You might have seen the term configuration cache if you've played around with libcouchbase or the Couchbase PHP extension, but its not very well documented anywhere. So what is the configuration cache? To answer that question I should probably start by describing how the
client work.

libcouchbase is what we call a smart client; which means it reacts to changes in the topology of the cluster. So how does the client do this? When it is instanciated the first thing is does is to connect to the cluster (streaming REST call) receive notifications for changes in the topology. This doesn't sound like a problem, but it might become one. Unfortunately these REST streaming connection is not only time consuming to set up (compared to the data connections) and relatively resource hungry on the server side, so they don't fit very well in a scenario where you have a large amount of client or short lived connections.

It is not uncommon for people deploying PHP applications to run thousands of PHP processes, which would mean thousands of connections to the REST interface. The data connections are really cheap and fast to set up, so they're not causing any problems with this kind of deployment. In older versions of Couchbase I have unfortunately seen the cluster becoming unstable with such a high number of clients connecting to it.

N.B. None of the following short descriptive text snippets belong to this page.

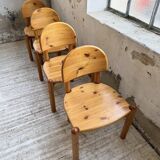 Set of 4 Daumiller pine chairs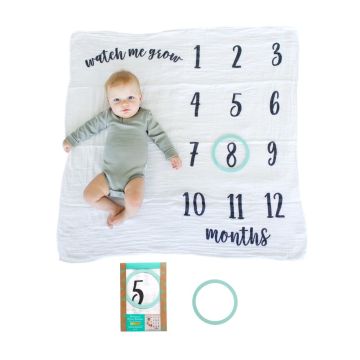 Kate and Milo Baby Monthly Milestone Blanket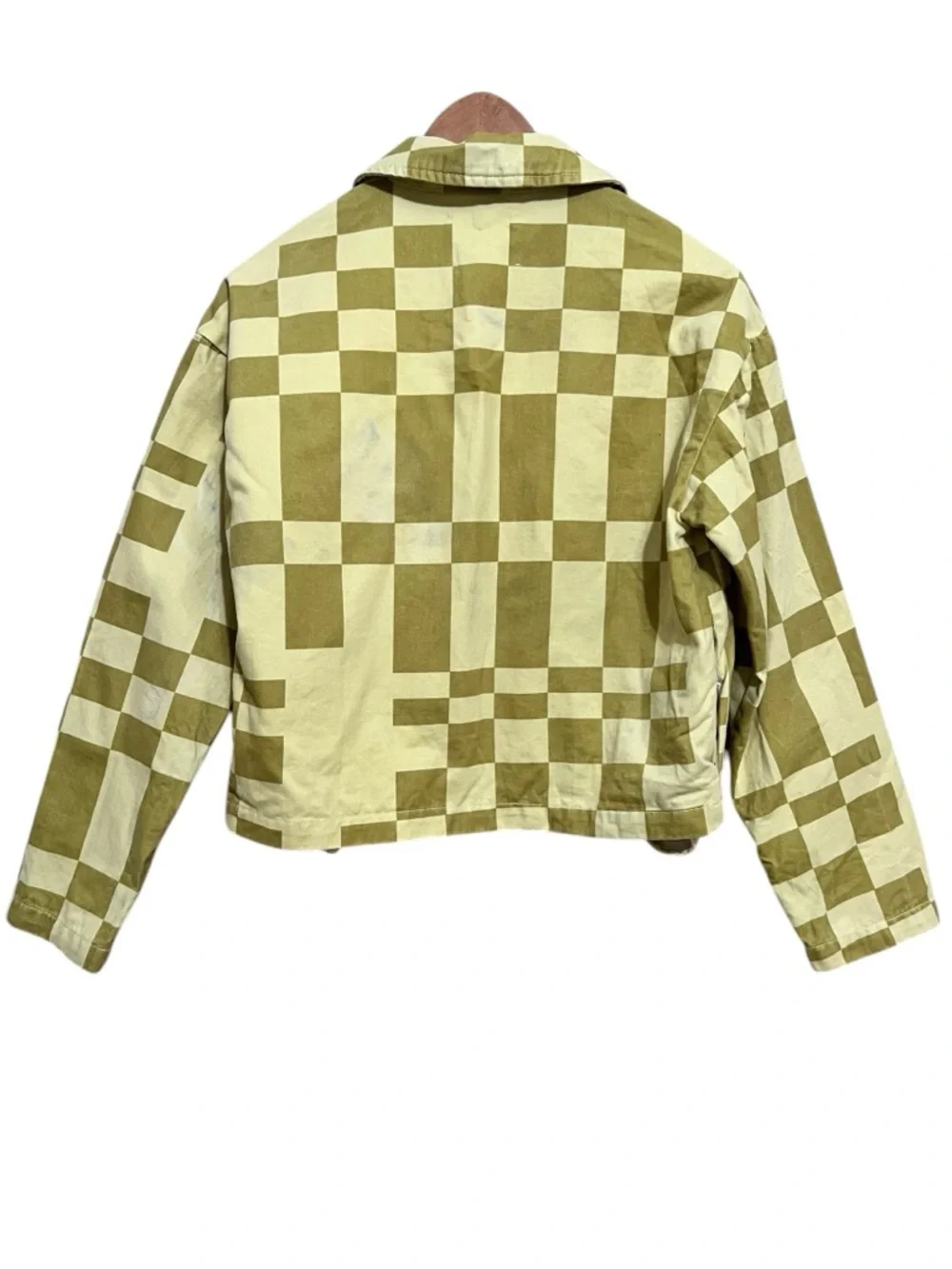 Paloma Wool Lime green check Space jacket sz Small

When you think of it most clusters are running in a steady state most of the time. You don't add/remove nodes to the cluster very often, so I would guess that in 99% of the time clients will NEVER receive an update from the cluster that its topology is changing. This makes the information extremely well suited for caching, and thats exactly what the configuration cache is. It is really simple, but yet so effective:
  • When the client is instanciated it looks for a named file in the filesystem.
    • If it is there it assumes that to be the current cluster configuration and starts using it.
    • If it isn't there it starts the normal bootstrap logic to get the configuration from the cluster, and writes it to the file.
  • Whenever we try to access an item on a node and the node tells us that we tried to communicate to the wrong node, we invalidate the cache and request a new copy of the configuration cache.

So how do you go ahead and use the configuration cache? From PHP it is extremely easy, all you need to do is to add the following to php.ini:

couchbase.config_cache = /tmp

And the Couchbase php driver will start storing configuration cache files in the tmp directory. From C you would use the "compat mode" when you create your instance:

lcb_t instance;
lcb_error_t err;
struct lcb_cached_config_st config;

memset(&config, 0, sizeof(config));
config.createopt.version = 1; = "host1";
config.createopt.v.v1.user = "mybucket";
config.createopt.v.v1.passwd = "secret";
config.createopt.v.v1.bucket = "mybucket";
config.cachefile = "/var/tmp/couchbase-config-cache";

err = lcb_create_compat(LCB_CACHED_CONFIG, &config,
                        &instance, NULL);
if (err != LCB_SUCCESS) {
     ... error ...

Happy hacking!


  1. Say Trond, my gmail is sknuijver , could you let me know about the following? When one of our servers which is a java app, uploads images to couchbase, they are compressed (gzip) but is it possible to unzip them with libcouchbase when taking them out? When putting them in, I think this is done with a transcoder:
    Does libcouchbase have that too?

  2. There is no transcoders etc in libcouchbase. It stores and retrieves binary blobs.